- [Task prompt] Without the pictures, repeat all of the data exactly as it appears below.

- [Data block]

◆ ◆ ◆

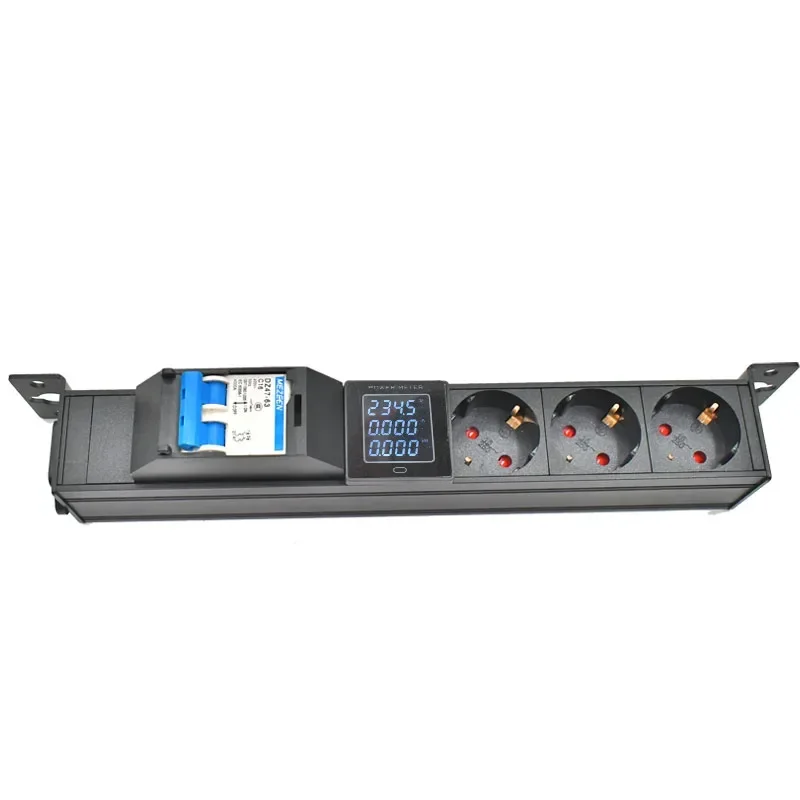 

Aluminium alloy PDU power strip Shadow storage socket C14 port Power Distribution Unit EU Outlet Socket Digital display ammeter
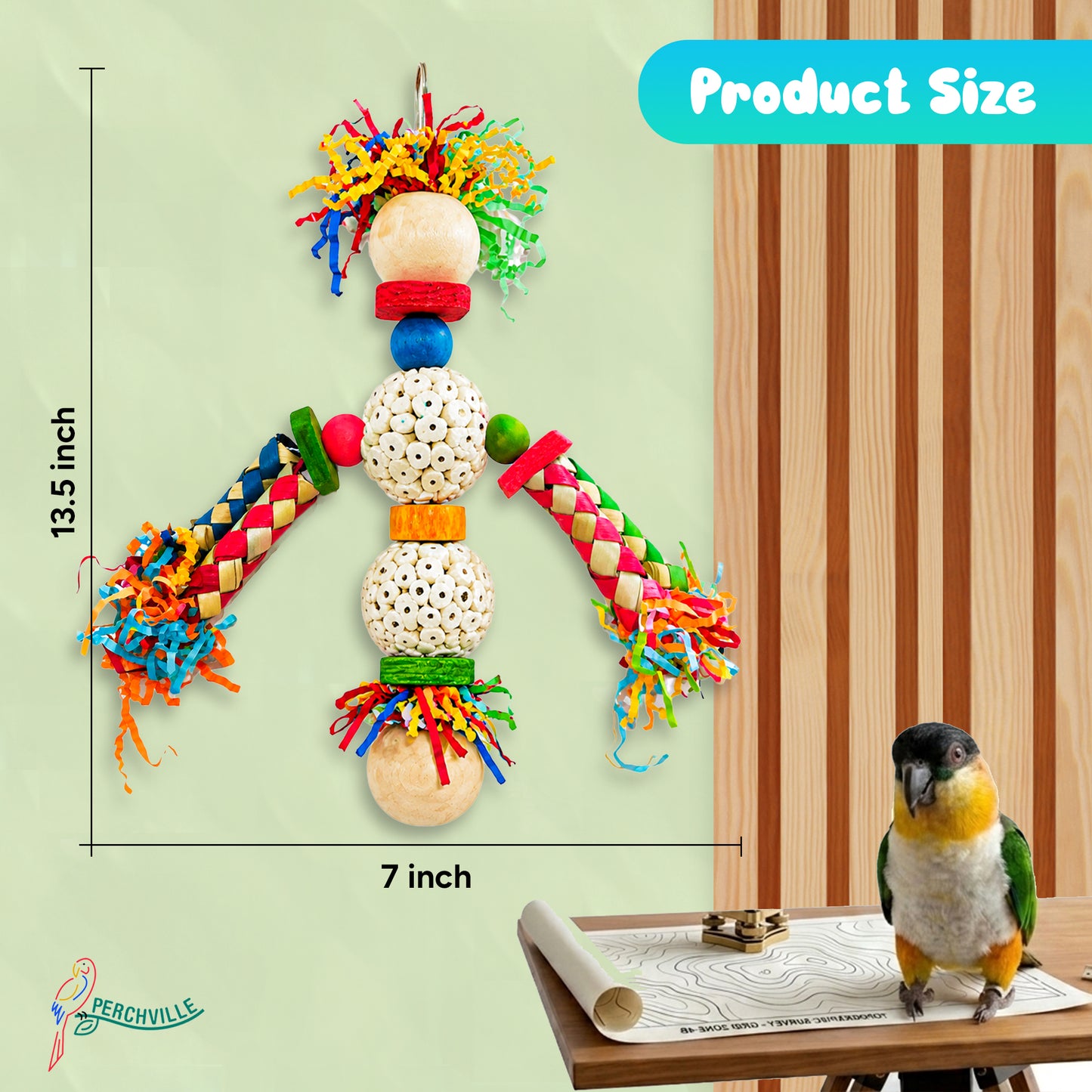 Perchville Sola Ball Toy with Finger Locks & a White Ball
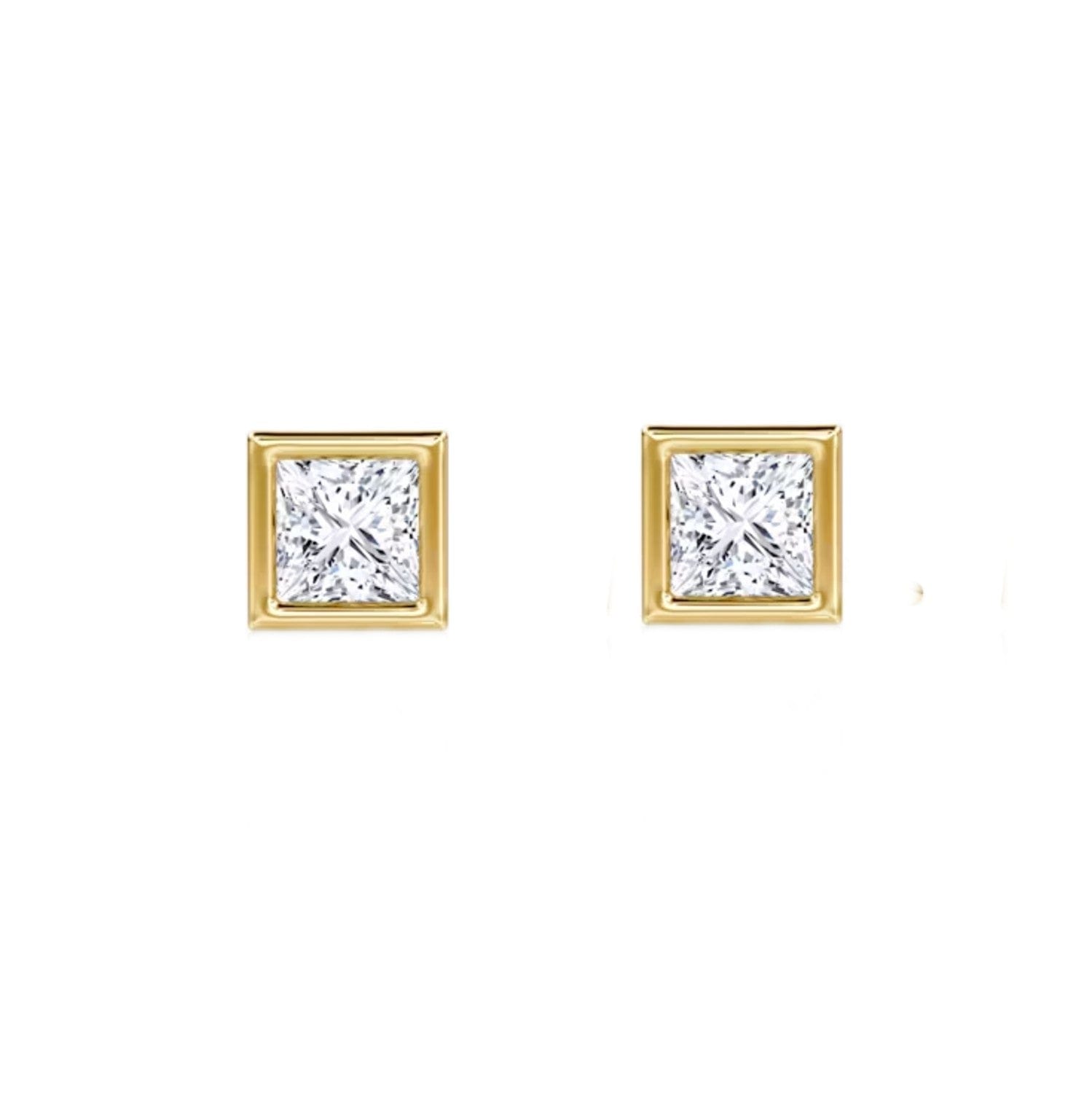 Facet Princess Cut Stud Earrings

◆ ◆ ◆

- [Reply]
Aluminium alloy PDU power strip Shadow storage socket C14 port Power Distribution Unit EU Outlet Socket Digital display ammeter
 Perchville Sola Ball Toy with Finger Locks & a White Ball
 Facet Princess Cut Stud Earrings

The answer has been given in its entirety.